### PROBLEM:
Return only the lines of the data below from the line with "День Рождения Марии." up to and including the line with "Отправь признание в", exactly as written, with the pictures omitted.

(Recorded data)
=== Section Start ===
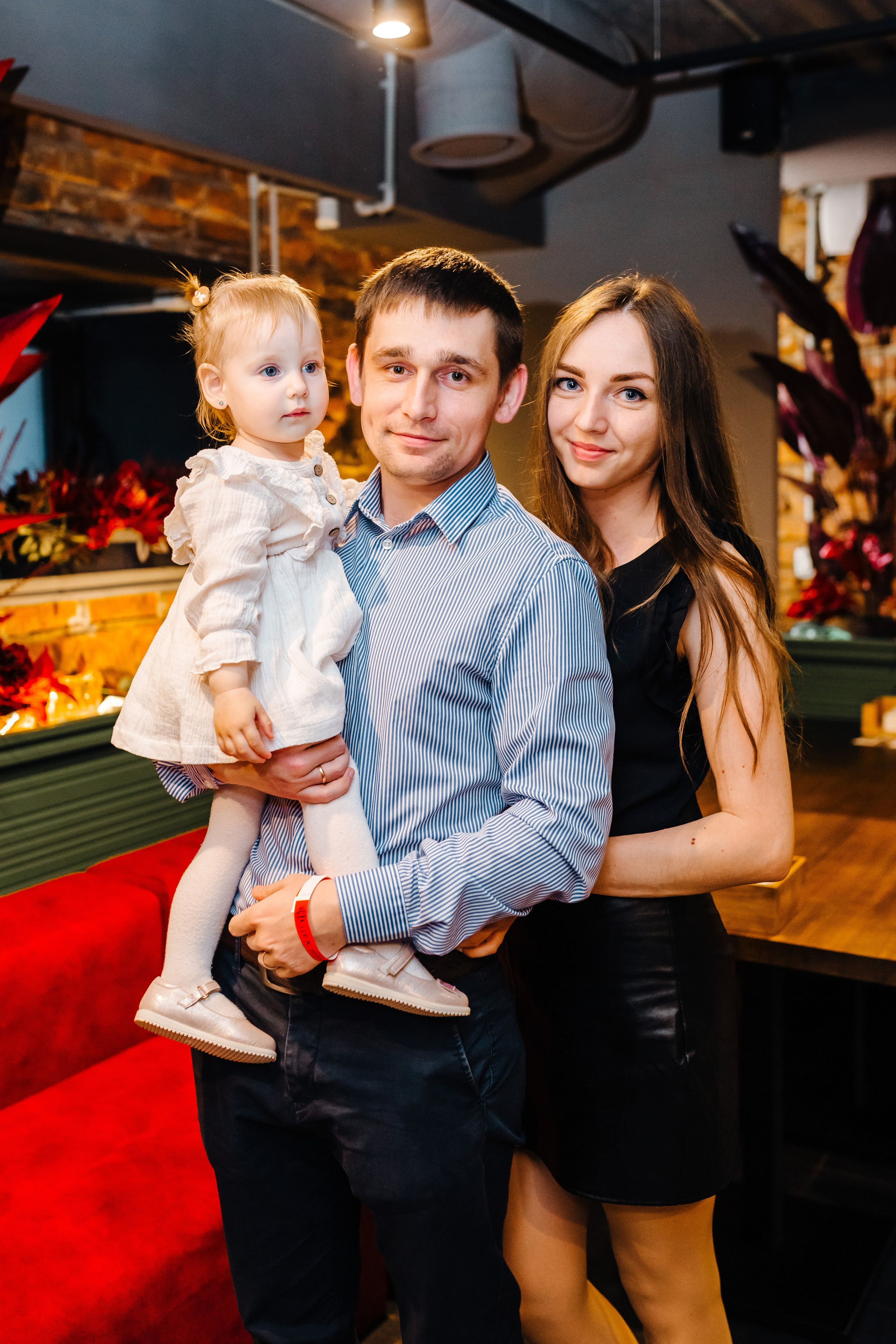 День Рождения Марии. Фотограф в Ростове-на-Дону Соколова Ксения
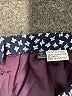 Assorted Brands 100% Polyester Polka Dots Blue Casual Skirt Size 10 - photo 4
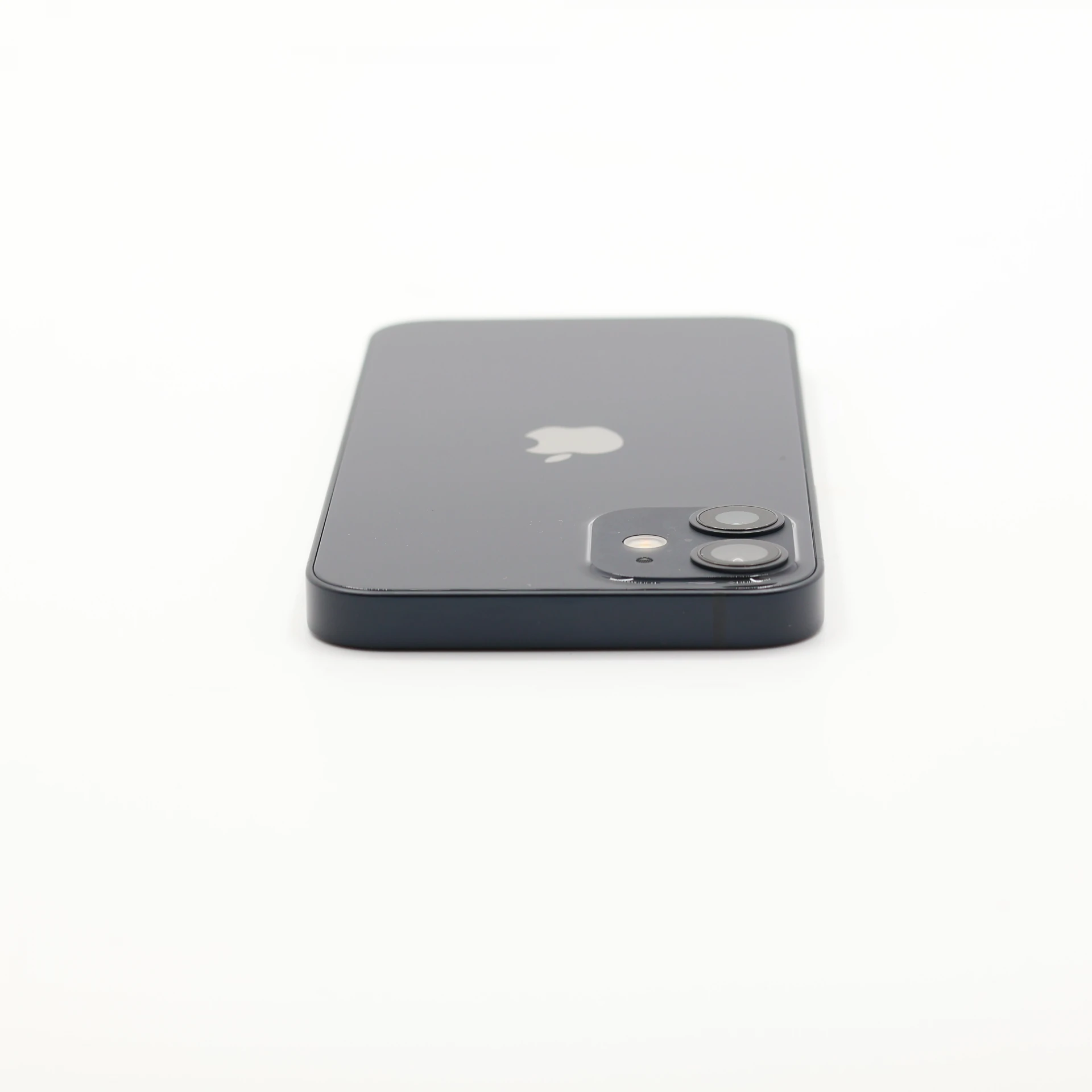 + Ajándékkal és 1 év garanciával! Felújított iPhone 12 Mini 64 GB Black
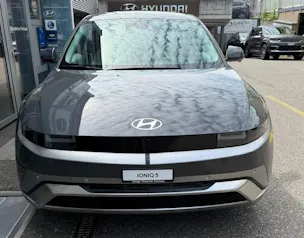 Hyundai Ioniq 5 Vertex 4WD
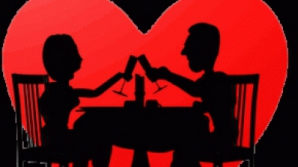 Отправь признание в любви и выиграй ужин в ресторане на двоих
=== Section End ===
=== Section Start ===
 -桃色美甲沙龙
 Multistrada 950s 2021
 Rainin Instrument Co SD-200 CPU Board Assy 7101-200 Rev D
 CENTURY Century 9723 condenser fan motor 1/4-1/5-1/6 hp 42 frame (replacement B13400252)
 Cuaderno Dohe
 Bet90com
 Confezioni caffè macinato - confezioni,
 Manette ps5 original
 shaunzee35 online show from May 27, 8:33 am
=== Section End ===
=== Section Start ===
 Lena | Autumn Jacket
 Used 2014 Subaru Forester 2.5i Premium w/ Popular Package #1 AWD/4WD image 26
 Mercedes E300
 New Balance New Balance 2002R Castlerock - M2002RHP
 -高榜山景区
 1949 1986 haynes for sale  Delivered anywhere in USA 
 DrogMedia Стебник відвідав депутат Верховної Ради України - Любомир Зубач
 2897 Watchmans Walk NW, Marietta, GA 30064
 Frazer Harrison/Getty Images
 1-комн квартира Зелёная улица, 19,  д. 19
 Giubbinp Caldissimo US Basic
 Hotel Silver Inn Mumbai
=== Section End ===
### RESPONSE TO THIS TASK:
 День Рождения Марии. Фотограф в Ростове-на-Дону Соколова Ксения
 Assorted Brands 100% Polyester Polka Dots Blue Casual Skirt Size 10 - photo 4
 + Ajándékkal és 1 év garanciával! Felújított iPhone 12 Mini 64 GB Black
 Hyundai Ioniq 5 Vertex 4WD
 Отправь признание в любви и выиграй ужин в ресторане на двоих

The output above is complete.